Senate Banking Committee Advances Cryptocurrency Bill as Democrats Signal Conditional Support

The Senate Banking Committee voted 15-9 on Thursday to advance the Clarity Act, a sweeping cryptocurrency market structure bill, sending it to the full Senate after two Democrats broke ranks to join a unified Republican bloc. As of May 14, the vote clears the measure’s first formal committee test and sets up a far harder fight on the floor, where it will need substantial Democrat support to reach the 60 votes required to pass.

Sen. Ruben Gallego (D-Ariz.) and Sen. Angela Alsobrooks (D-Md.) supplied the only Democrat votes for advancement, joining all 13 Republicans on the panel. However, both said their support was conditional and did not guarantee a vote for the bill on the Senate floor.

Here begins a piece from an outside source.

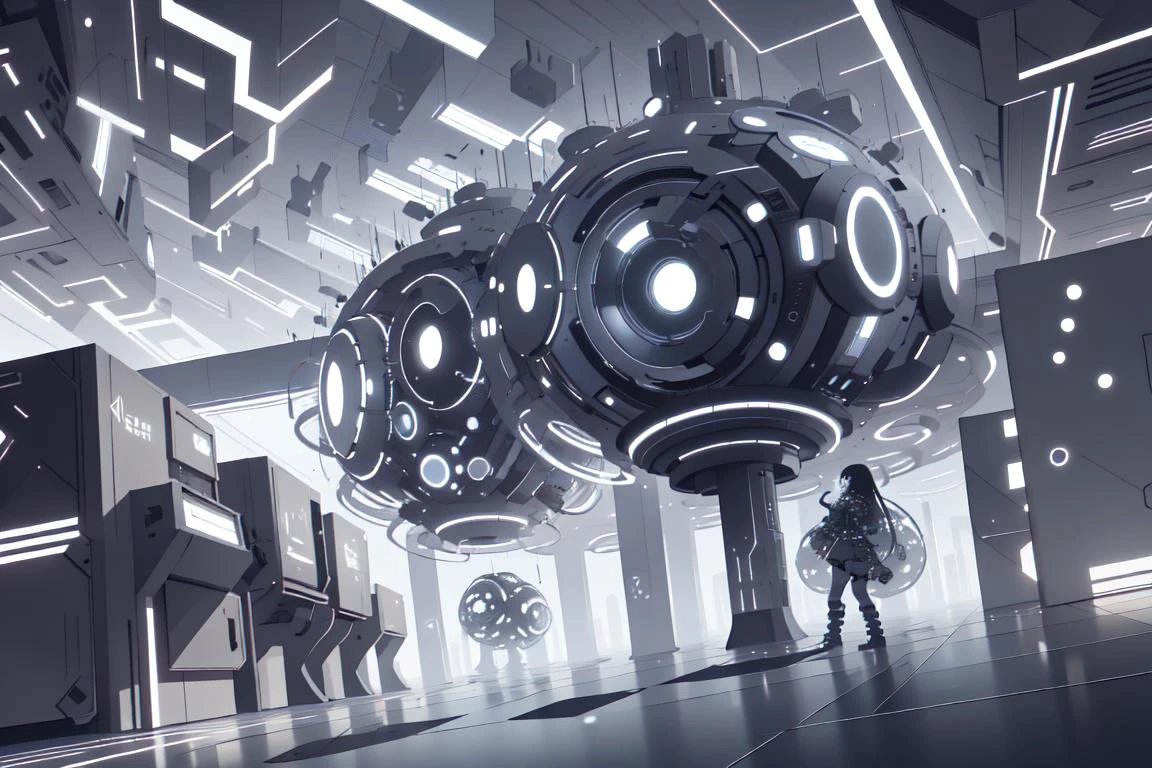 <lora:LEDarrayTech-20:1.2> , ledarraytech , scifi, geometrical ,
1girl, looking up, in a synthetic area , dynamic pose,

“My vote today is so we can continue these efforts. But I want to be clear: My vote here does not guarantee a vote on the floor,” Gallego stated after the markup.

The bill would set federal guidelines for regulators overseeing the crypto industry, dividing oversight between the Securities and Exchange Commission and the Commodity Futures Trading Commission. The House passed its companion measure, H.R. 3633, on July 17, 2025. The Senate bill now must be reconciled with a version from the Senate Agriculture Committee before any floor vote.

Passage came only after a procedural fight nearly derailed the session. Committee Chair Tim Scott (R-S.C.) added several amendments midway through the markup at the request of Democrats, stating the goal was “to make this a bipartisan outcome.” The move drew an objection from Sen. Elizabeth Warren (D-Mass.), the panel’s top Democrat and a leading crypto critic, who has dismissed the bill as “a bill written by the crypto industry for the crypto industry.” Warren argued that Scott had changed the rules midstream after ruling other amendments ineligible. “Either we know all of the amendments when we walk in, and that’s the end of it, or if you’re going to start opening it up, let’s open it up to everyone,” she said.

Sen. Thom Tillis (R-N.C.) suggested holding the disputed amendments for the floor, but Sen. Mark Warner (D-Va.) pushed to keep them in committee, saying their inclusion would move him “much closer” on the bill. The added amendments, which sought to expand investor protections and define when a decentralized finance project qualifies as decentralized, passed with wide bipartisan margins, unlike earlier amendments that split along party lines.

Scott framed the vote as overdue, noting that the industry had operated in a “regulatory gray zone” under “outdated rules.” Democrat resistance centered on enforcement gaps and the absence of ethics provisions addressing elected officials, including President Donald Trump, who profit from crypto holdings. Those issues remain unresolved as negotiators move toward merging the two Senate bills.

The committee vote marks a procedural milestone, not final passage. The bill still faces a 60-vote threshold in the full Senate and would then need House approval of a reconciled version before reaching the president’s desk.